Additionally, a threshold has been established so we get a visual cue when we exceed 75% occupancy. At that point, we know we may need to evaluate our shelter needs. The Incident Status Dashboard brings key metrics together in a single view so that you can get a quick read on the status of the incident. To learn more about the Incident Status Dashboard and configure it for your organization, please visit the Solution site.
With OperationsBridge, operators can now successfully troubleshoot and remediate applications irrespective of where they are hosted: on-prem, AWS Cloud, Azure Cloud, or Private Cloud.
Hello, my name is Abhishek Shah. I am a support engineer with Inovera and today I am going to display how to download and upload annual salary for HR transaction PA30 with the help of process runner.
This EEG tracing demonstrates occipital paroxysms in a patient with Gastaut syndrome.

---

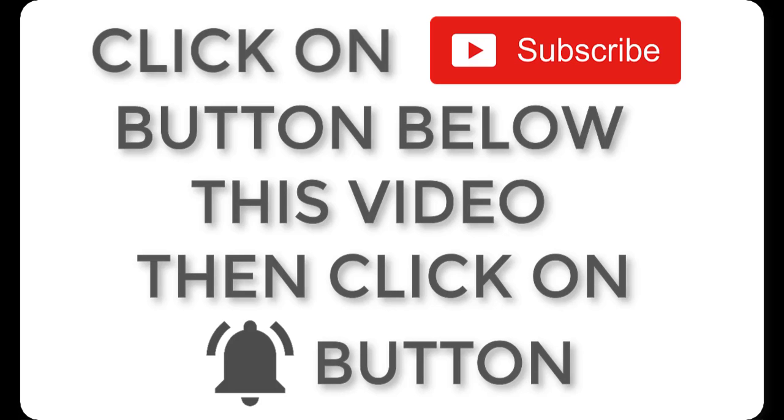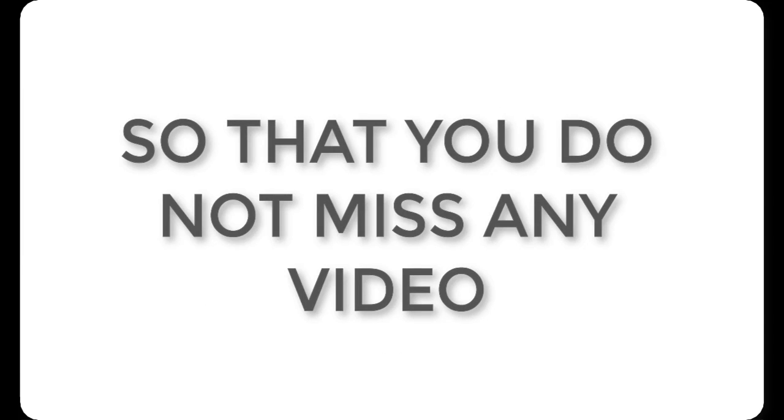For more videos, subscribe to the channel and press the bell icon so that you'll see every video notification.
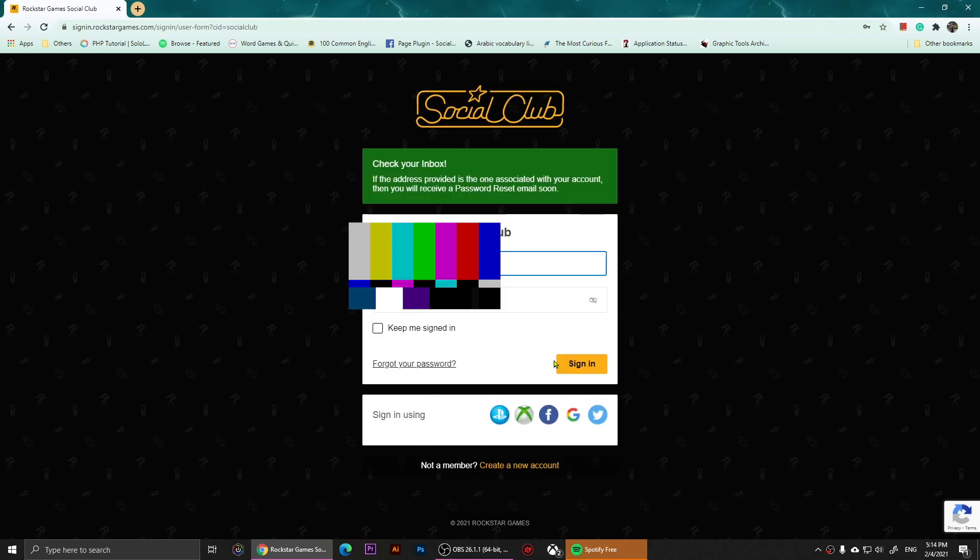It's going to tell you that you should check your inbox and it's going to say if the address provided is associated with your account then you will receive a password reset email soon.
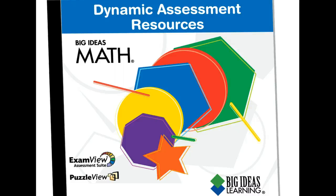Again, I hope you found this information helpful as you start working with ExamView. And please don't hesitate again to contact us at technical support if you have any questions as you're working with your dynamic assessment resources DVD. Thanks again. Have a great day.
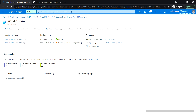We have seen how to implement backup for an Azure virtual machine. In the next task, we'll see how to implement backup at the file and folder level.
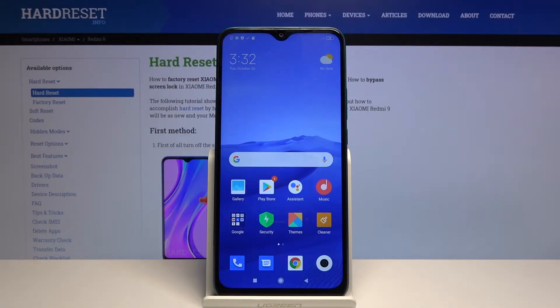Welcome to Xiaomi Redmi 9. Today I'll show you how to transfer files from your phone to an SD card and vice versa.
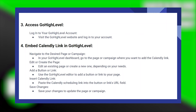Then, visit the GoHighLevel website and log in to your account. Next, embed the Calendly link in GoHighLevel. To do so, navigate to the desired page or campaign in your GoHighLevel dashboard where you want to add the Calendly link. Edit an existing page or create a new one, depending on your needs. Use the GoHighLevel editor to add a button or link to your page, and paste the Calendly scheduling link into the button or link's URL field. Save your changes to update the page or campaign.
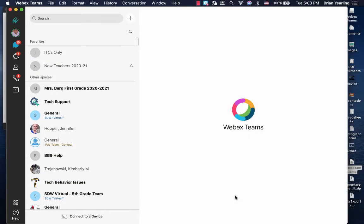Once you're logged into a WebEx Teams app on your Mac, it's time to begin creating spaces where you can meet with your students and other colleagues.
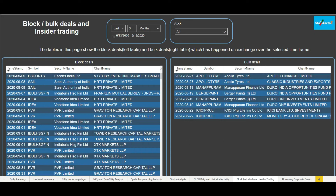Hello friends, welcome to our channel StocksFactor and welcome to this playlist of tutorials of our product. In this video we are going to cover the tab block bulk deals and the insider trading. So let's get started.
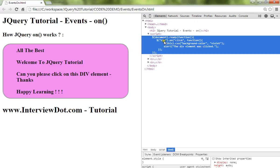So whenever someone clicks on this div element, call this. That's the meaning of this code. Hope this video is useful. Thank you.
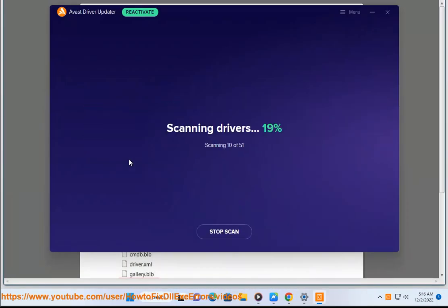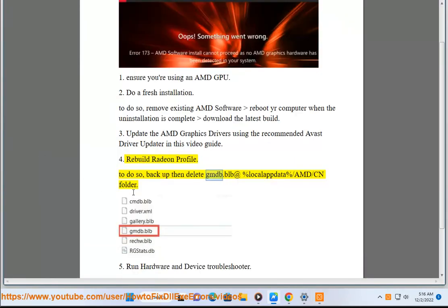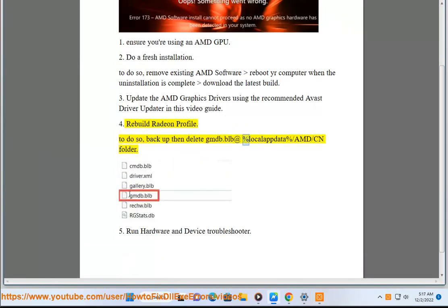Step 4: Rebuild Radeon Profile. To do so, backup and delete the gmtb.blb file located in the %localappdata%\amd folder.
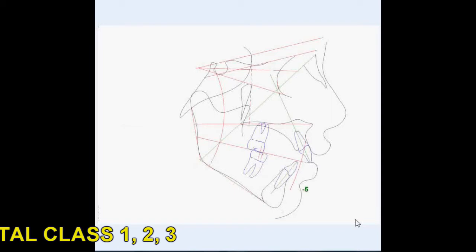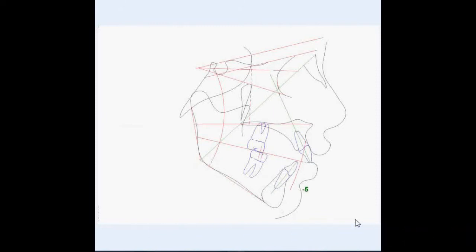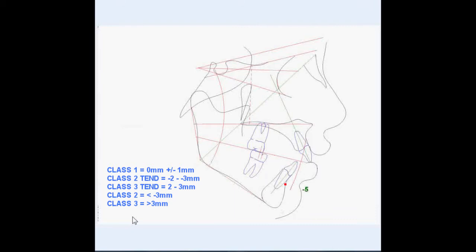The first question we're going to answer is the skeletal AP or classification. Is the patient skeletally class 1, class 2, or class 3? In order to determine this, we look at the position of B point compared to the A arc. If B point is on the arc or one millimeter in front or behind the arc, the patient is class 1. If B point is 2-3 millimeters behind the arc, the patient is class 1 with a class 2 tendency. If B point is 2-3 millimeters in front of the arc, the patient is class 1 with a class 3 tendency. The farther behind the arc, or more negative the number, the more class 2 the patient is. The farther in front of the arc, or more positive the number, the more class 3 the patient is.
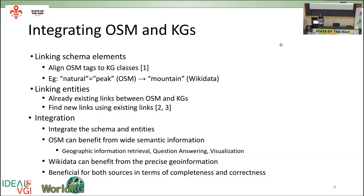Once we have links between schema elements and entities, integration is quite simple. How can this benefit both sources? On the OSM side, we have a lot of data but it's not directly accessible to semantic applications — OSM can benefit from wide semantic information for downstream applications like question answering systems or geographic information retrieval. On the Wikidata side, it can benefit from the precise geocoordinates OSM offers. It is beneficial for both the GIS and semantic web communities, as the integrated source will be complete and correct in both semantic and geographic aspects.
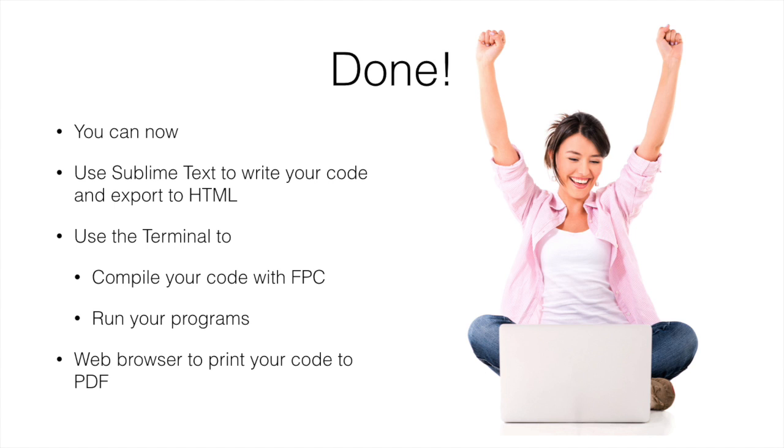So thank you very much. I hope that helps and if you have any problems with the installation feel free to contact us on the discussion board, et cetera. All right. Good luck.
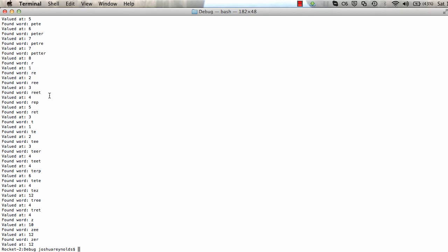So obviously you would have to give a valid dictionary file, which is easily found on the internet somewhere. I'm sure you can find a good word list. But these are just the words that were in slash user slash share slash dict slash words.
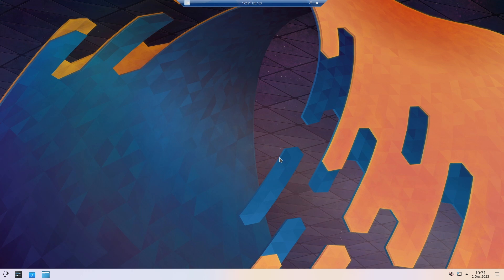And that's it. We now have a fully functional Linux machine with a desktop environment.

--

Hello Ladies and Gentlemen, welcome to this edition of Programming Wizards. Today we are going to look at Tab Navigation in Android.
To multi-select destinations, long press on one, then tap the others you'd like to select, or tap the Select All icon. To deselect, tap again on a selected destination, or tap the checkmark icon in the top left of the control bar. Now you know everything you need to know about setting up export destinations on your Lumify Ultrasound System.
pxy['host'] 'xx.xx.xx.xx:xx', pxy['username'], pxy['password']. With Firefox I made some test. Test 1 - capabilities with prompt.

» **What is required**
What's needed is an exact copy of the lines above from the one with "So whenever someone" through the one with "Step 4: Rebuild", both included; the pictures stay out.

» **Solution for this problem**
So whenever someone clicks on this div element, call this. That's the meaning of this code. Hope this video is useful. Thank you.
Step 4: Rebuild Radeon Profile. To do so, backup and delete the gmtb.blb file located in the %localappdata%\amd folder.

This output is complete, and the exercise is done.